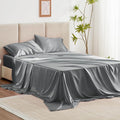 Love's cabin California King Satin Sheet Sets - 4 Piece Dark Grey Silky Sheets Bed Set with Deep Pocket, Luxury Silk Feel Satin Cal King Sheet Set (1 Flat Sheet,1 Fitted Sheet,2 Pillow Cases)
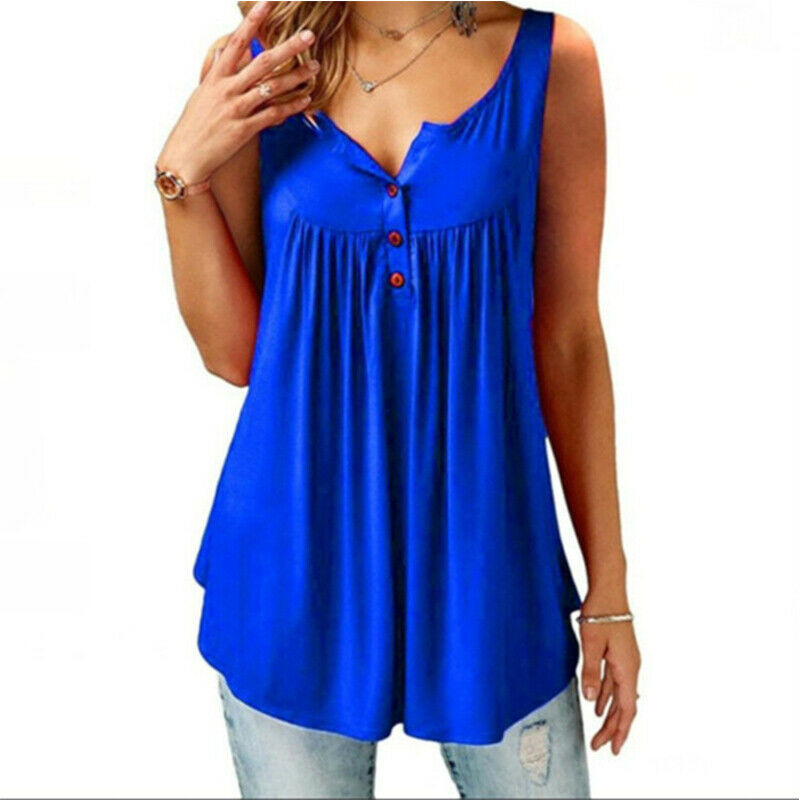 Sleeveless Casual V Neck T Shirt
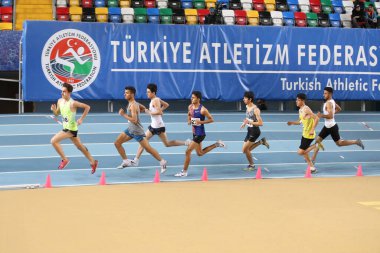 ISTANBUL, TURKEY - FEBRUARY 02, 2020: Athletes running during Turkish Indoor Athletics Championships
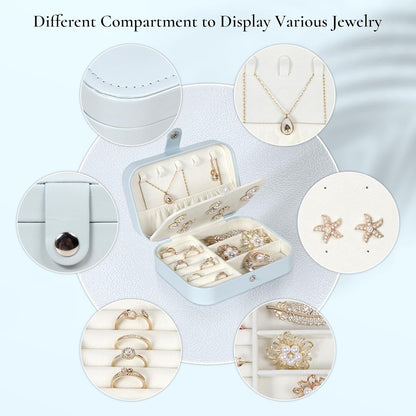 Hatori Travel Jewelry Box, PU Leather Small Jewelry Organizer for Women Girls, Double Layer Portable Mini Travel Case Display Storage Holder Boxes for Stud Earrings, Rings (Black)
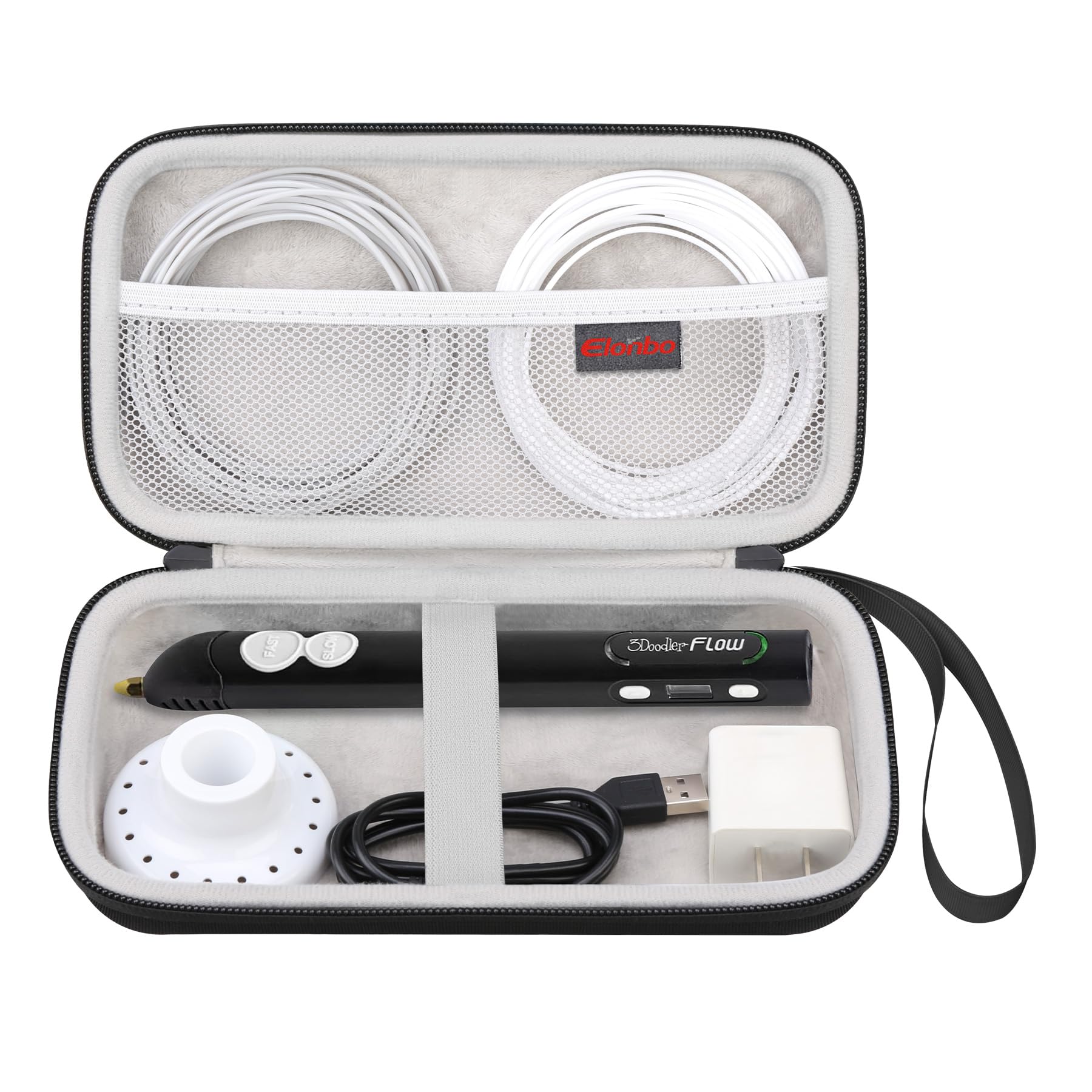 Elonbo 3D Pen Carrying Case for 3Doodler Flow 3D Printing Pen for Teens, Extra Mesh Pocket Fits Plastic Filament Adapter, Black (Case Only !)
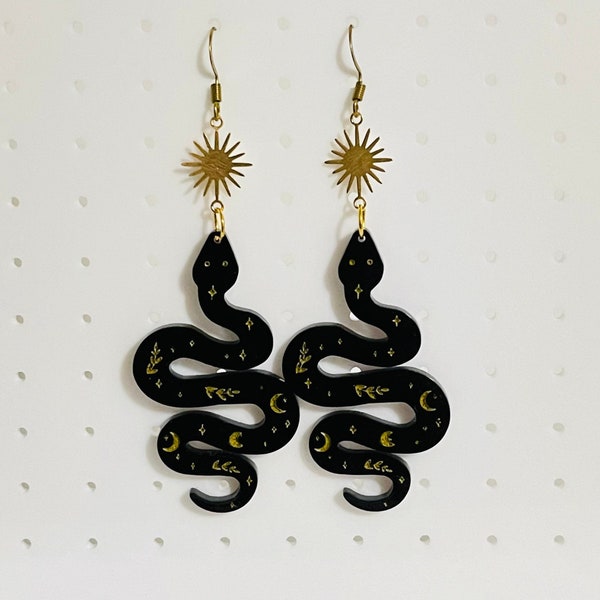 Celestial snake earrings, acrylic earrings, black snake earrings engraved, witchy earrings, gift for girlfriend, best friend, birthday gift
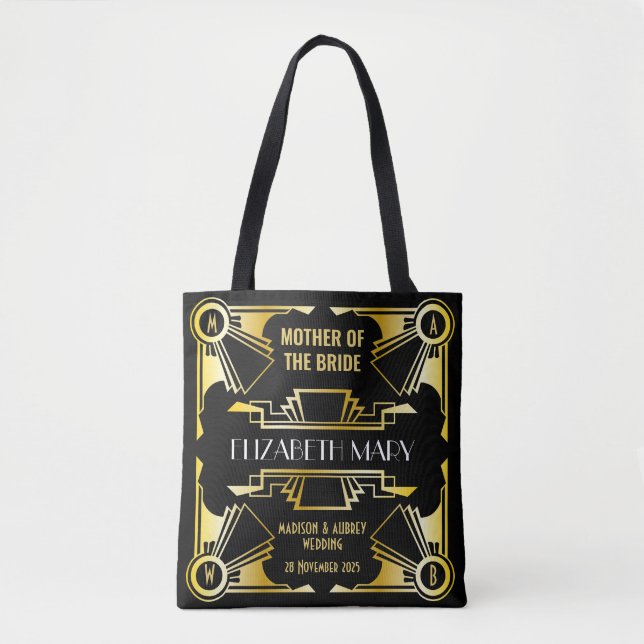 Mutter der Bride Art Deco Wedding Gold & Black Tasche (Vorderseite)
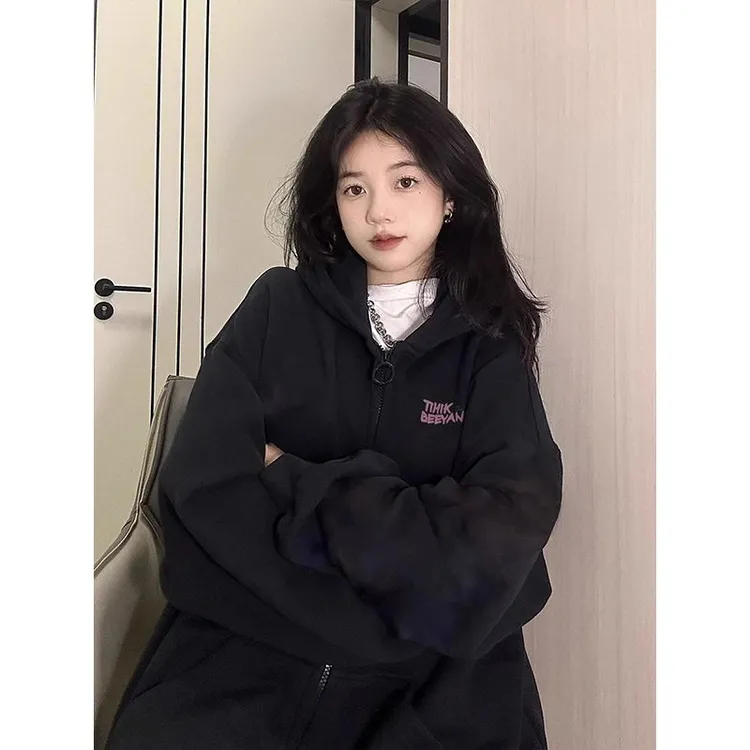 却爱卫衣外套女秋冬款拉链潮流开衫冬季连帽新款加绒加厚百搭韩版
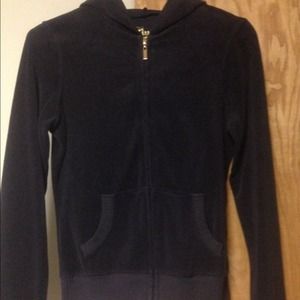 Navy blue terry sweatshirt.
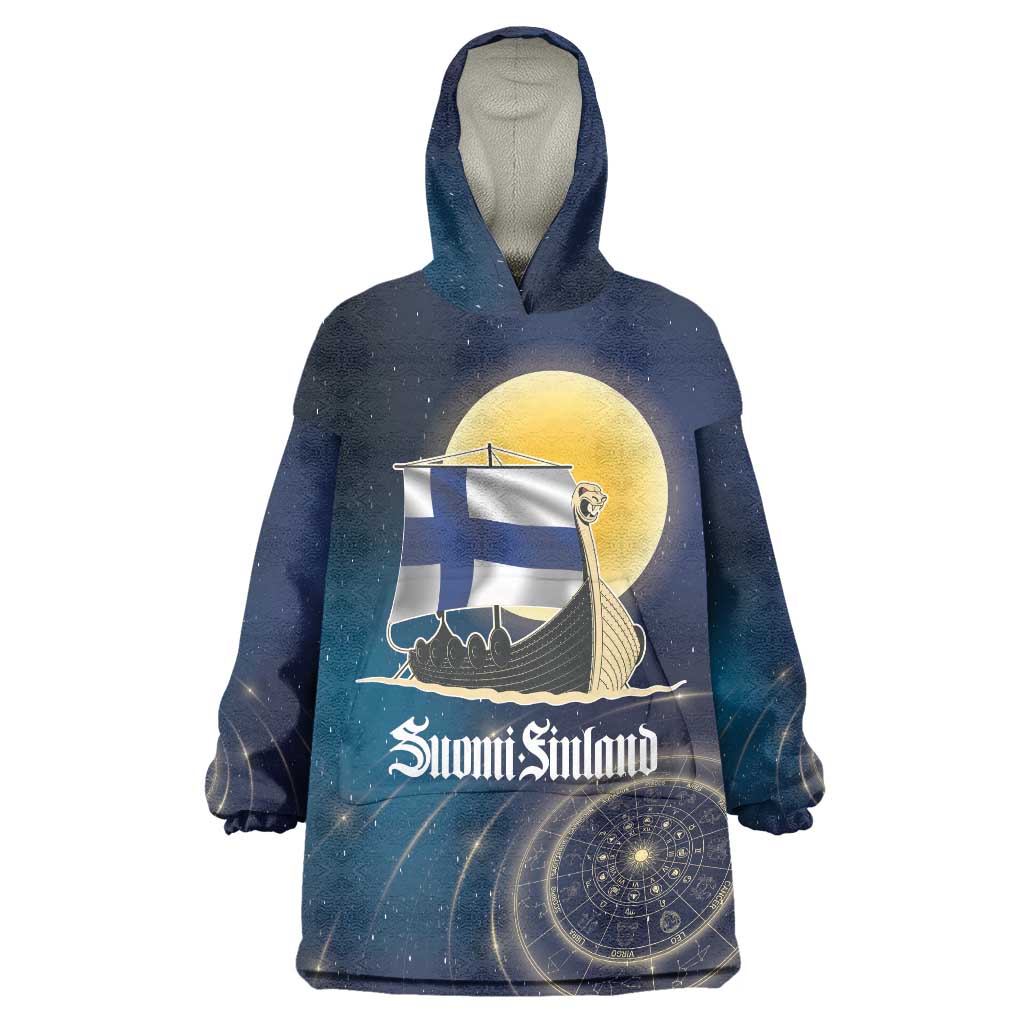 Personalized Finland Drakkar Vikings Wearable Blanket Hoodie Longships with Vegvisir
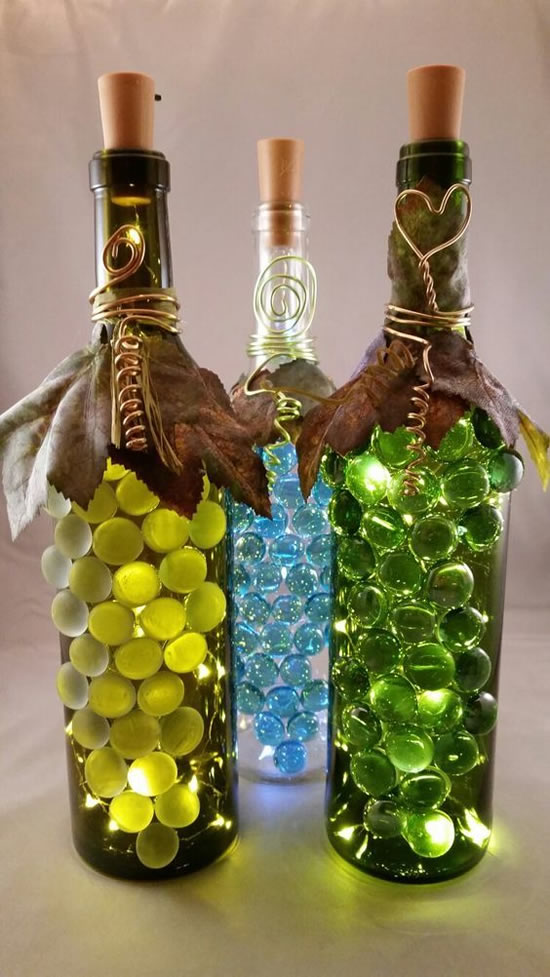 Decoração com garrafas para o Natal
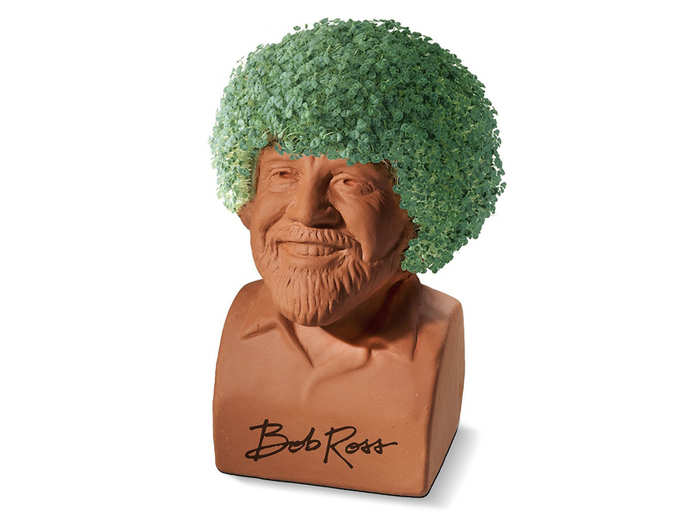 A Bob Ross chia pet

§

| Task brief |
Drop the images and repeat the data exactly.

| Exercise result |
 Love's cabin California King Satin Sheet Sets - 4 Piece Dark Grey Silky Sheets Bed Set with Deep Pocket, Luxury Silk Feel Satin Cal King Sheet Set (1 Flat Sheet,1 Fitted Sheet,2 Pillow Cases)
 Sleeveless Casual V Neck T Shirt
 ISTANBUL, TURKEY - FEBRUARY 02, 2020: Athletes running during Turkish Indoor Athletics Championships
 Hatori Travel Jewelry Box, PU Leather Small Jewelry Organizer for Women Girls, Double Layer Portable Mini Travel Case Display Storage Holder Boxes for Stud Earrings, Rings (Black)
 Elonbo 3D Pen Carrying Case for 3Doodler Flow 3D Printing Pen for Teens, Extra Mesh Pocket Fits Plastic Filament Adapter, Black (Case Only !)
 Celestial snake earrings, acrylic earrings, black snake earrings engraved, witchy earrings, gift for girlfriend, best friend, birthday gift
 Mutter der Bride Art Deco Wedding Gold & Black Tasche (Vorderseite)
 却爱卫衣外套女秋冬款拉链潮流开衫冬季连帽新款加绒加厚百搭韩版
 Navy blue terry sweatshirt.
 Personalized Finland Drakkar Vikings Wearable Blanket Hoodie Longships with Vegvisir
 Decoração com garrafas para o Natal
 A Bob Ross chia pet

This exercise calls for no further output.